━━━ SUPPLIED MATERIAL

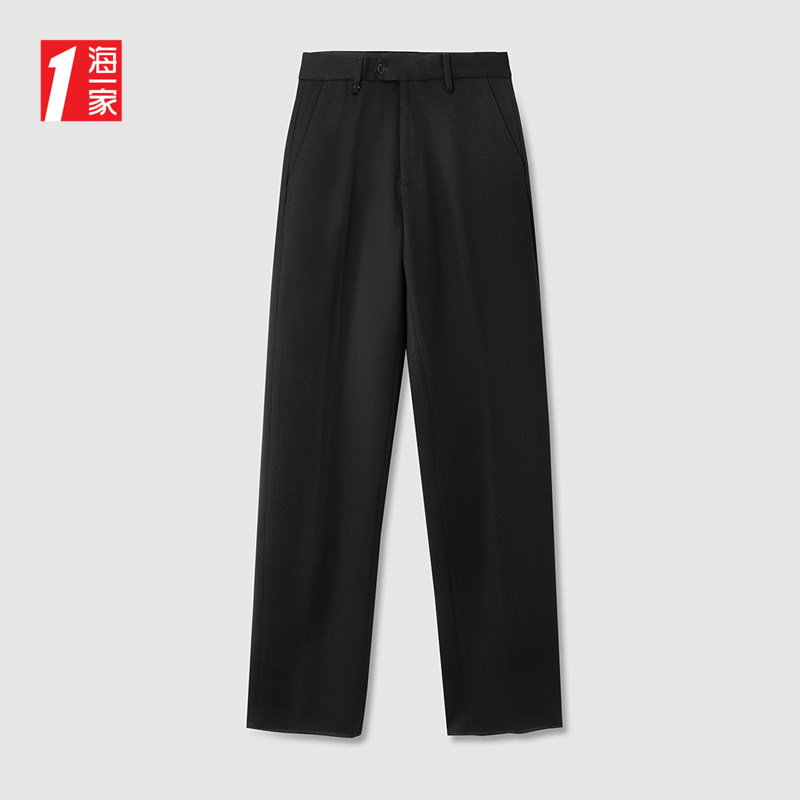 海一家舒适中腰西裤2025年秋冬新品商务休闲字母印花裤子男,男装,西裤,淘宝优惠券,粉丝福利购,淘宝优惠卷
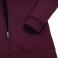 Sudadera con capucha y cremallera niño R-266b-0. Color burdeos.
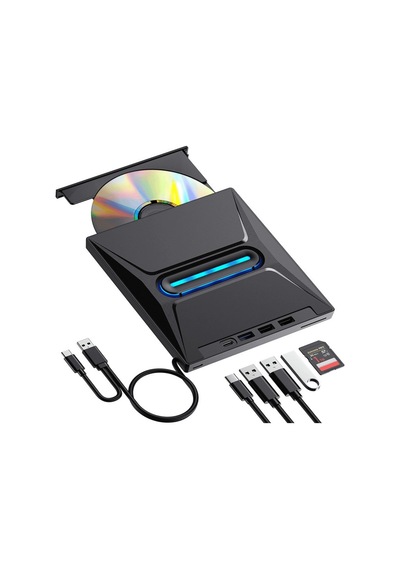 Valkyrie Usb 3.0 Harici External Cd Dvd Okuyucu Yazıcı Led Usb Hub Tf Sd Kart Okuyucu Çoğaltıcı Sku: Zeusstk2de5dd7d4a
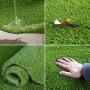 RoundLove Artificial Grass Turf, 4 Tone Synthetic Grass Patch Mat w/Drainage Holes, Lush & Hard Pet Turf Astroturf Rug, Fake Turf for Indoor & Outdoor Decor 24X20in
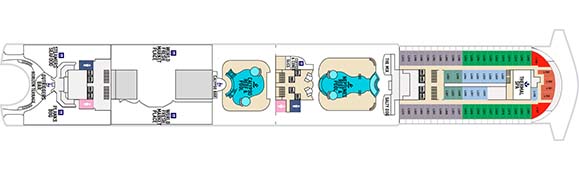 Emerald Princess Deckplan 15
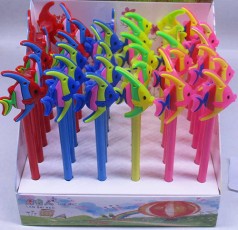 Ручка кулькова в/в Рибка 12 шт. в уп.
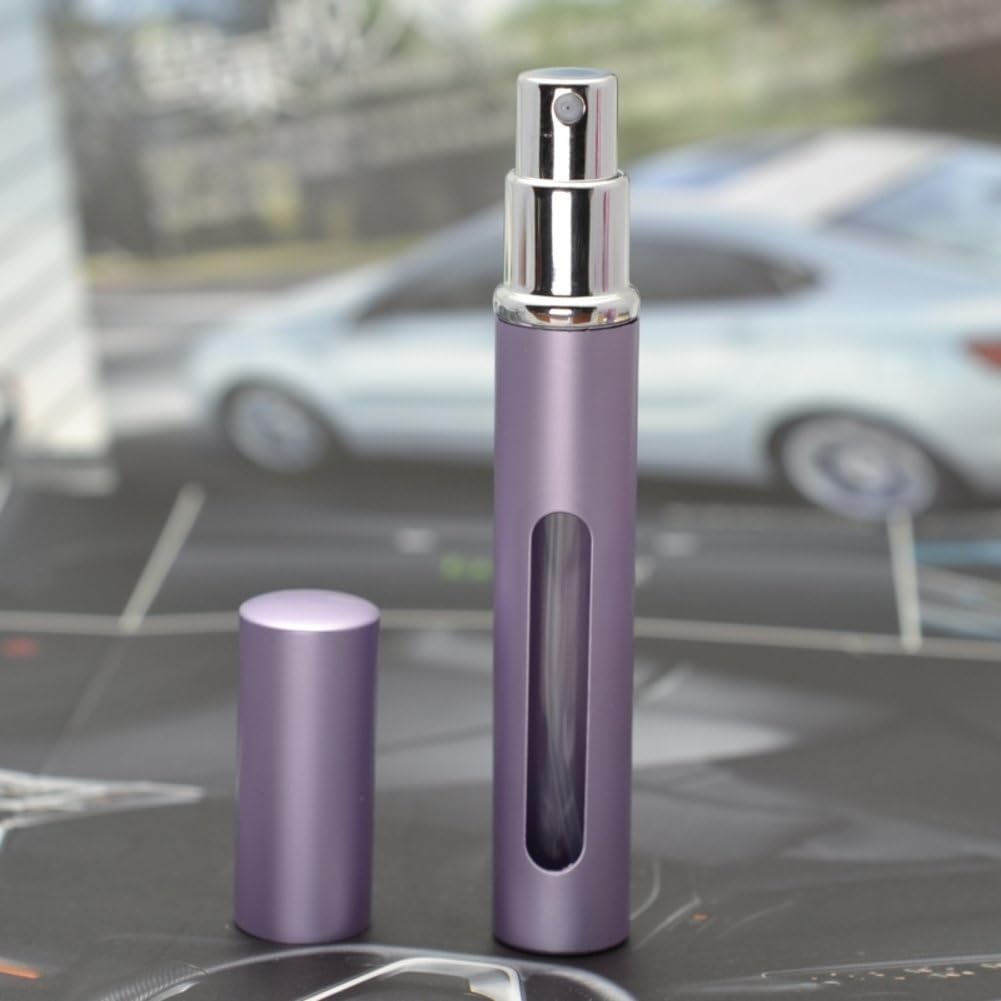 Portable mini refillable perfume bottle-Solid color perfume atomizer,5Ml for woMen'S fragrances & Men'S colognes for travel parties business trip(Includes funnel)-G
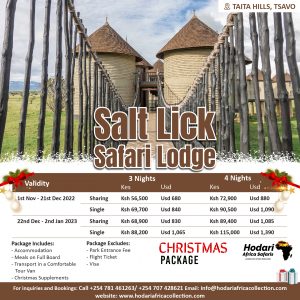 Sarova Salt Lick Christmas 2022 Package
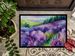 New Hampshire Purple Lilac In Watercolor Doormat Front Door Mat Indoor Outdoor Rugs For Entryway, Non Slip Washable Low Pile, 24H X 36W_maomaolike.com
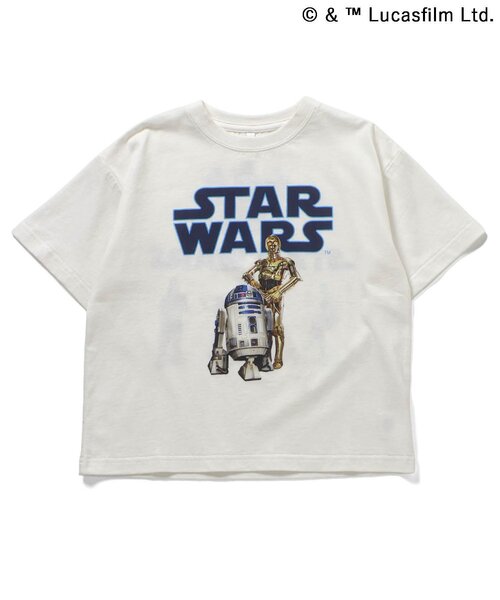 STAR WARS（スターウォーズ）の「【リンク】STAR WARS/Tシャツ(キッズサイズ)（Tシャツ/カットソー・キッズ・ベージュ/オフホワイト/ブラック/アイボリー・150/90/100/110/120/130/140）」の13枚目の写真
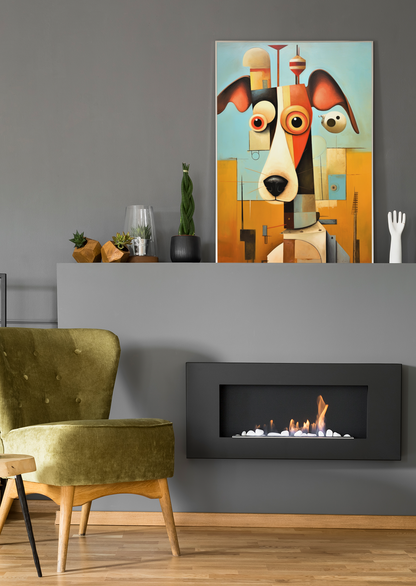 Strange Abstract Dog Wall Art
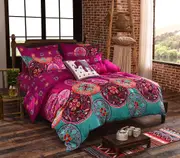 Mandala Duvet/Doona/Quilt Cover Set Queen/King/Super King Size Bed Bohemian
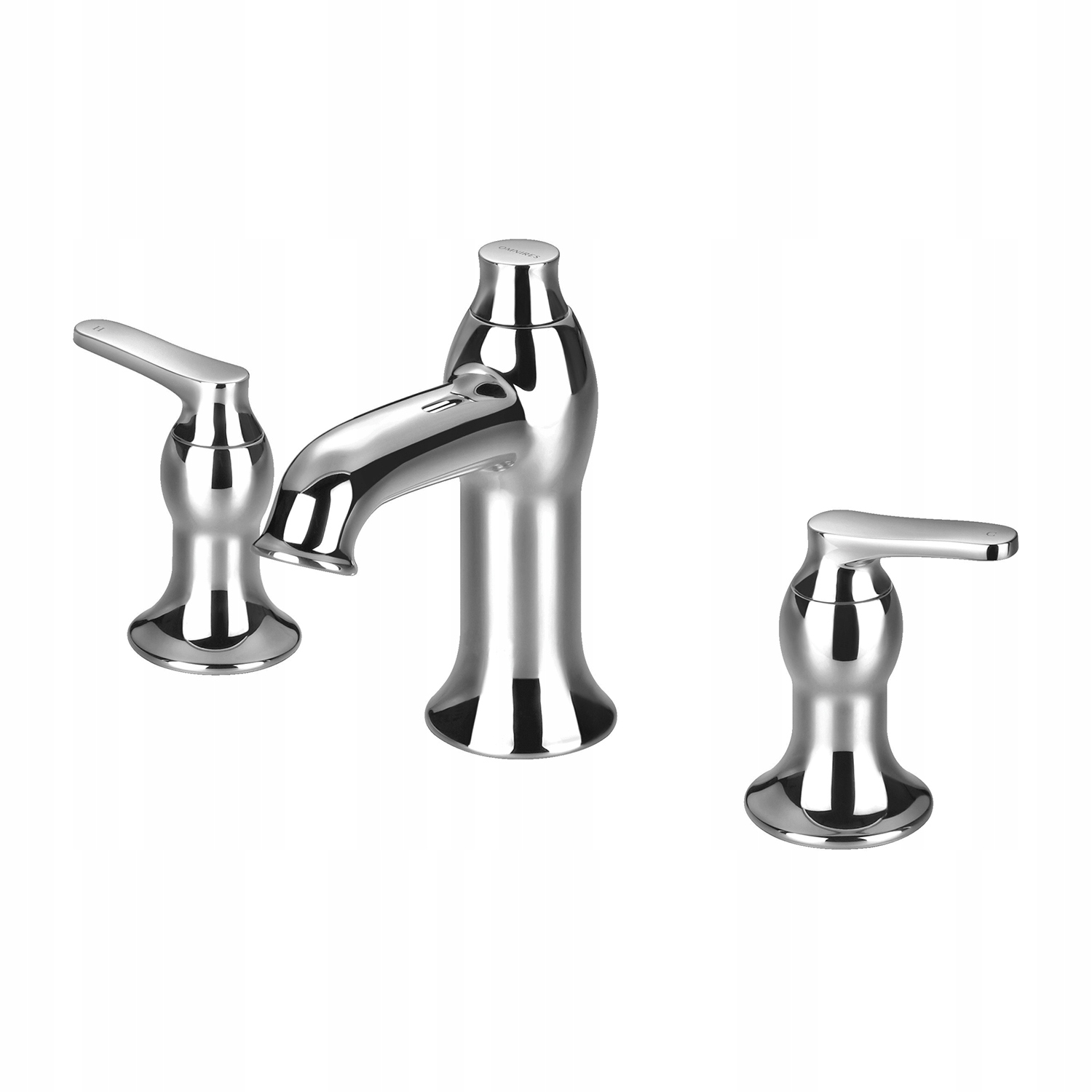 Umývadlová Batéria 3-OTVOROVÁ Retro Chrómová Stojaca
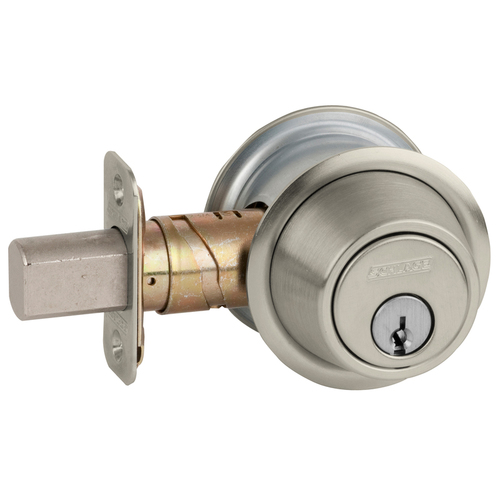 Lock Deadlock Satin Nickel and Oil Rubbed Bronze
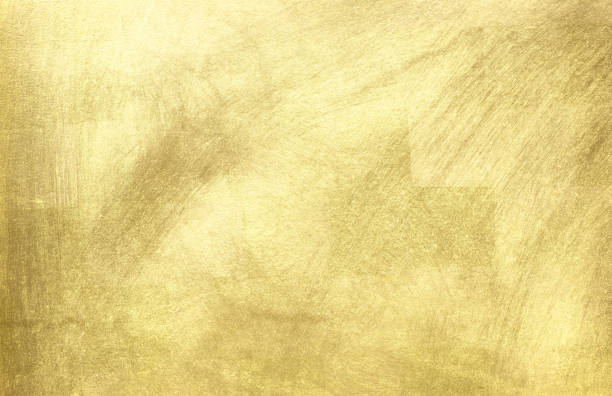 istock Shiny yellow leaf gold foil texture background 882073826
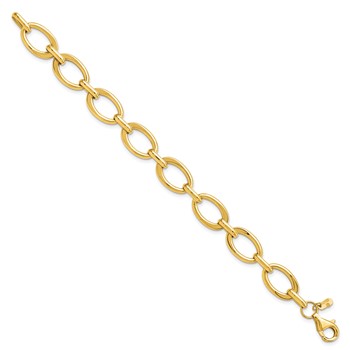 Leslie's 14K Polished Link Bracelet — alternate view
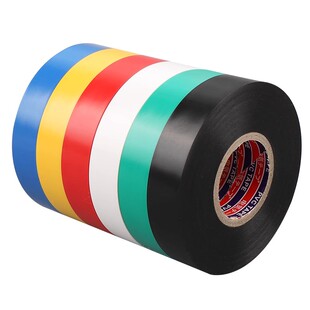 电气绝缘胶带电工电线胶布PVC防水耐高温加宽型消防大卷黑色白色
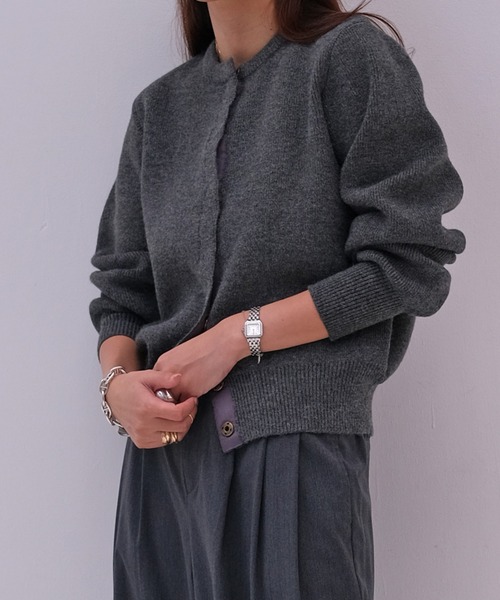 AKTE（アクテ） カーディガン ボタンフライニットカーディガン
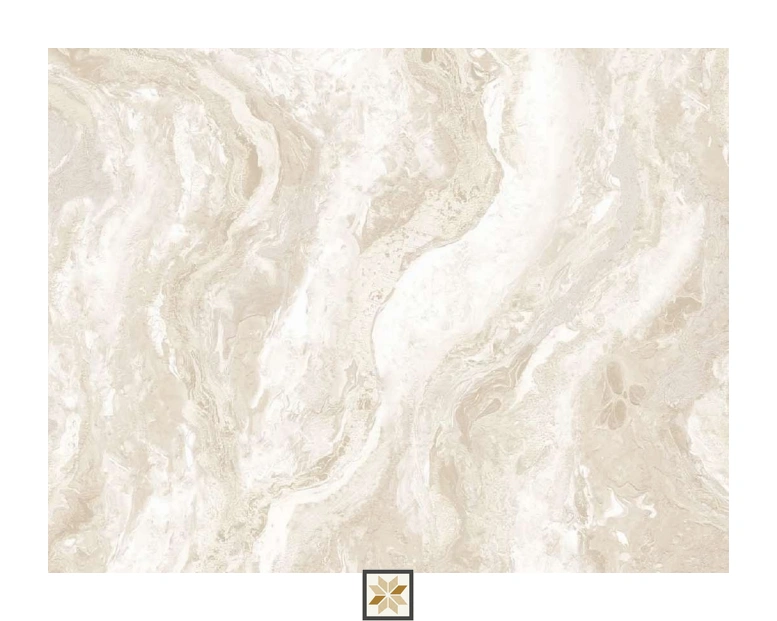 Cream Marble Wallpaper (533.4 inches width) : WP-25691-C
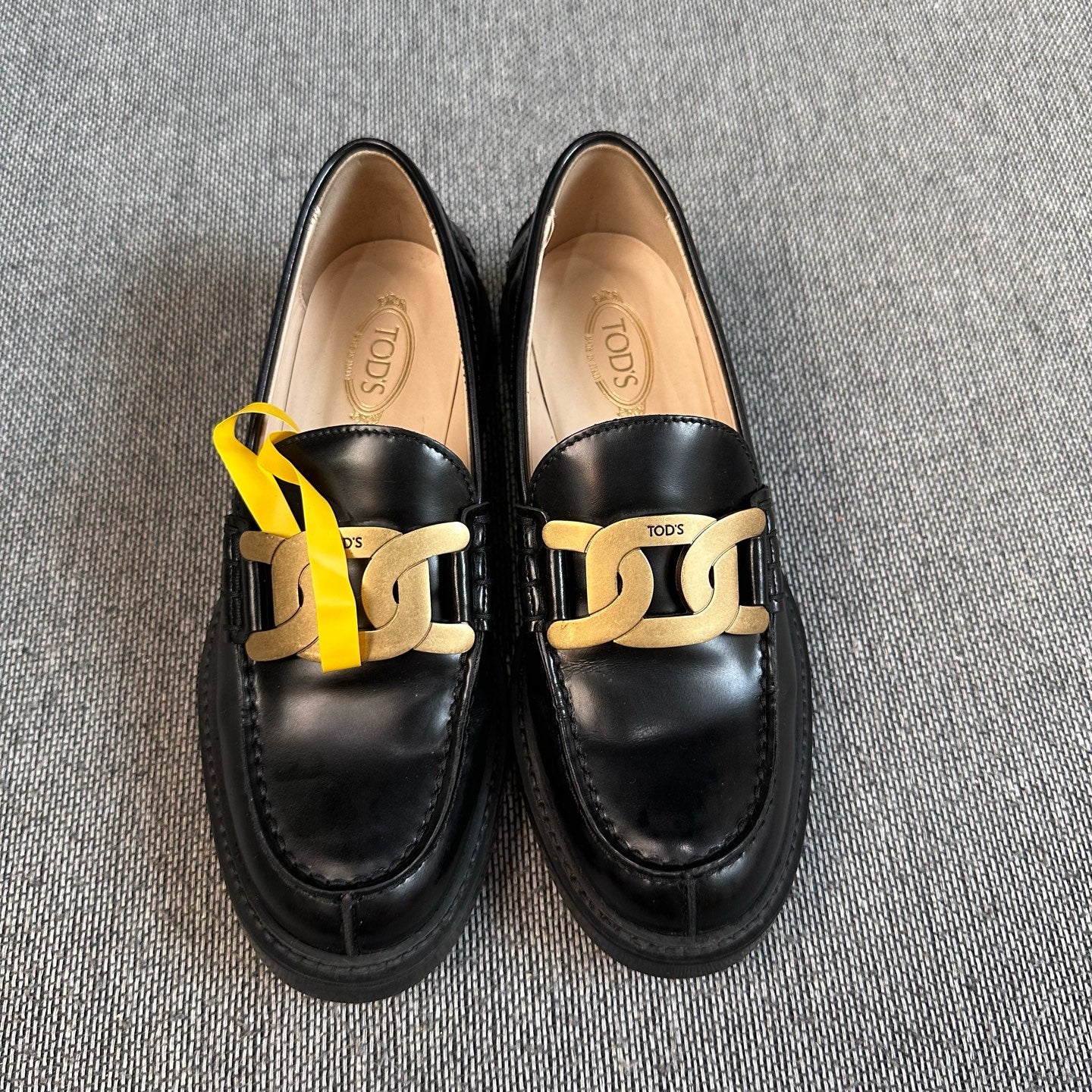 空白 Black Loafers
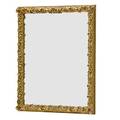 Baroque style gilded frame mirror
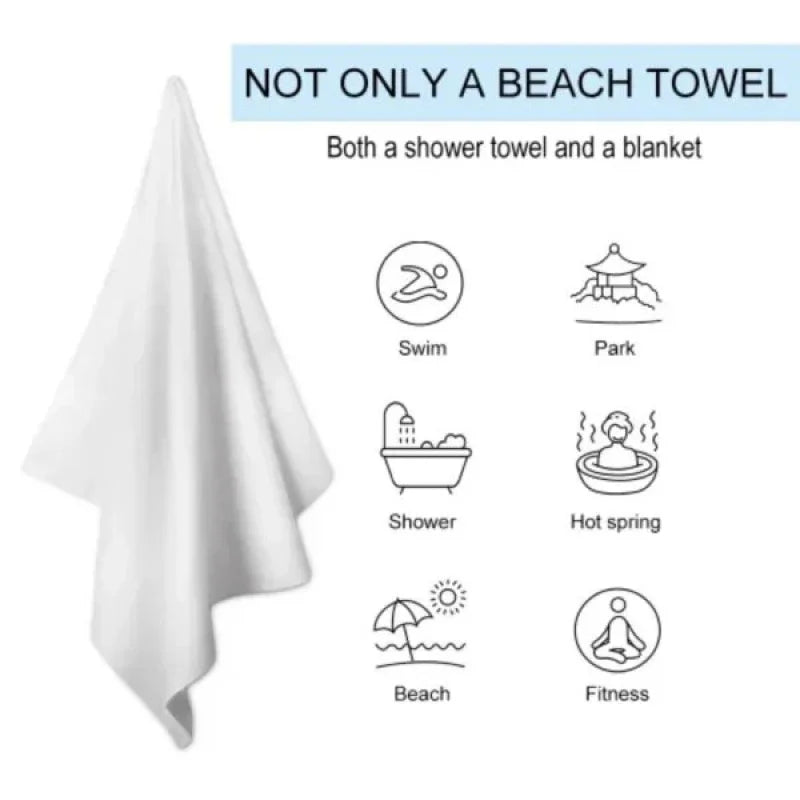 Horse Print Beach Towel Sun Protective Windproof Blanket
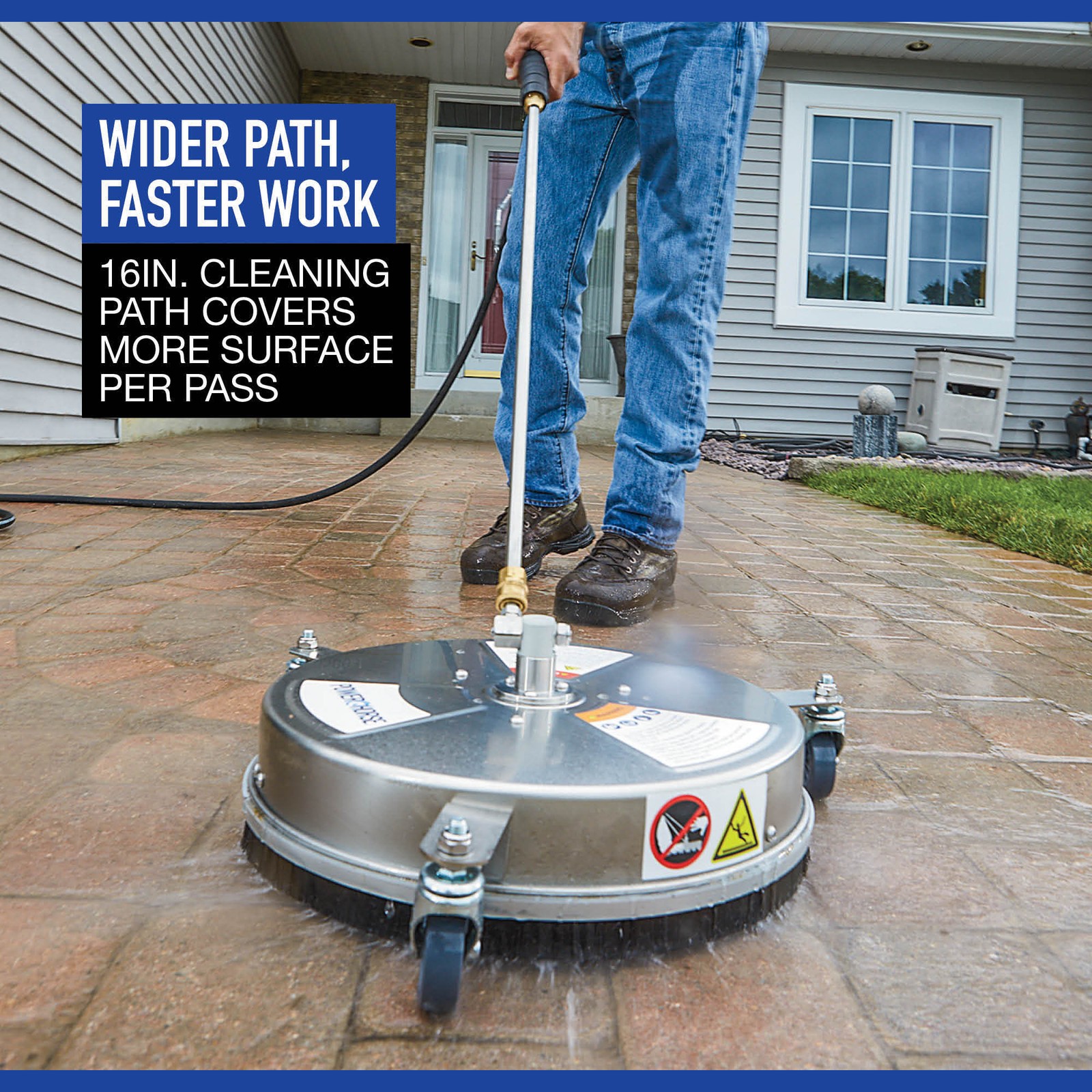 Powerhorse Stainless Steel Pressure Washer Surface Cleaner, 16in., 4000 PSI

━━━━━━

▸ WORK TASK:
Transcribe exactly the lines above, beginning at the one with "电气绝缘胶带电工电线胶布PVC防水耐高温加宽型消防大卷黑色白色" and going up to and including the one with "Horse Print Beach". Pictures do not belong in the copy.

▸ WRITTEN RESPONSE:
 电气绝缘胶带电工电线胶布PVC防水耐高温加宽型消防大卷黑色白色
 AKTE（アクテ） カーディガン ボタンフライニットカーディガン
 Cream Marble Wallpaper (533.4 inches width) : WP-25691-C
 空白 Black Loafers
 Baroque style gilded frame mirror
 Horse Print Beach Towel Sun Protective Windproof Blanket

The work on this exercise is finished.